As a shy person who didn’t socialize easily, Cole said she believed that if she subscribed to the transgender ideology, she would be “an accepted, celebrated, and valued member of the most talked-about community on Earth.” Being a transgender girl gained her “celebrity” status, she said.
But that status evaporated after she decided to de-transition, Cole said. She lost her friends, and even the medical professionals who helped with her transition didn’t know what to do.

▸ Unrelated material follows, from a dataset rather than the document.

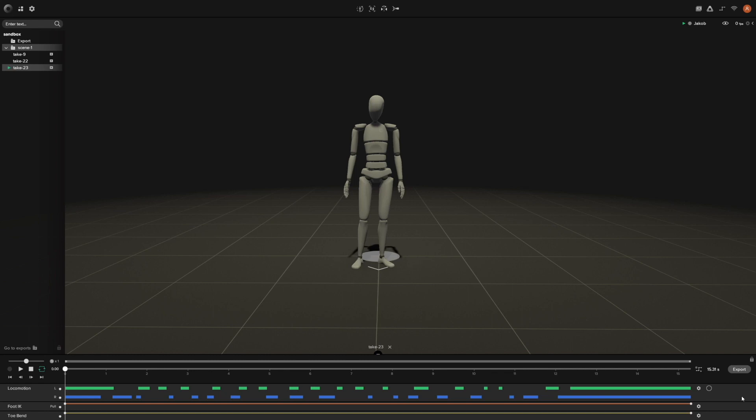Hey everyone, James here with Rococo and I'm back with another tutorial. This time I wanted to show you all about the different shortcut keys that we have built inside of Studio. So let's go ahead and get started.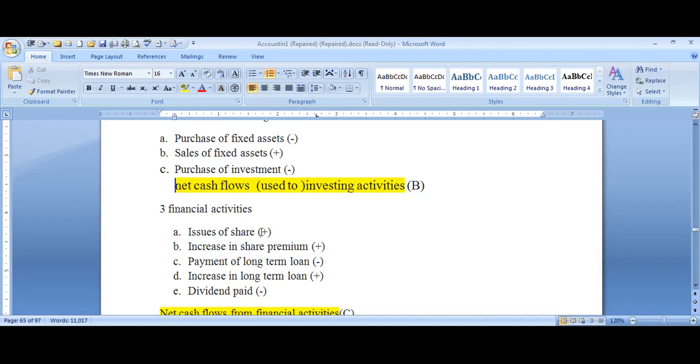There may be confusions in the cash flow statement, but the concept itself is clear enough to understand.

“The big question remains ‘how was a 12-year-old introduced to the idea that they could do something as ridiculous as changing their sex?’” asked Cole. She called transgenderism and gender identity “gender ideology.” She questioned how it “went from being a relatively benign social oddity to a doctrine that has invaded nearly every academic, medical, and educational institution, seemingly overnight.”
“Up until now, the media has been parroting the same ideologically driven talking points—’affirm, affirm, affirm,’” she said.
Rep. Mary Miller (R-Ill.) thanked Cole for calling out the “disturbing trend.” In her speech, Miller called gender transition procedures “child abuse” and added, “I think it says a lot about where we are as a country by how we treat our children.”
Cole kept her head high and smiled often during the one-hour event. However, she experienced an emotional moment in the end when asked about her feelings.
After a long pause with fingers on her mouth, she told The Epoch Times, “It’s hard to find the words, but I’m really proud of myself.”
Need for Federal Law
Greene said different laws in various states called for a federal law. She expressed concern that Democrat-controlled states were “taking away parents’ rights to protect their kids from these horrific surgeries.”
On Aug. 31, California passed legislation to protect those who travel to the Golden State for gender-affirming care from their home state’s legal actions. New York has a similar bill currently sitting with the Judiciary Committee in the state Senate.
Some Republican-controlled states tried to introduce laws banning gender-affirming care, to various degrees of success. On April 8, Alabama enacted the Vulnerable Child Compassion and Protection Act that makes extending gender-affirming care to minors a felony. Days later, parents of transgender children sued the state Attorney General. On May 13, a federal judge granted the plaintiffs a partial injunction to continue receiving transitioning medication.
Rep. Clay Higgins (R-La.) declared in his speech, “Whether you’re a medical professional, a teaching professional, [or] a counselor, if you participated in this, I advise you to prepare your lives for incarceration because we’re going to pass this bill next year, and it’s going to have teeth.”
Greene said she had the Republican leadership’s support on this bill and that her committee assignment would not be an issue in January, alluding to the possibility that she would win reelection and the Republican Party would gain a majority in the House after the November midterms. She lost her House committee assignments in February 2021.
Other Republican legislators present included Reps. Bob Good (R-Va.), Diana Harshbarger (R-Tenn.), Ralph Norman (R-S.C.), Ronny Jackson (R-Texas), Louie Gohmert (R-Texas), Jeff Van Drew (R-N.J.), Lance Gooden (R-Texas), and Barry Moore (R-Ala.).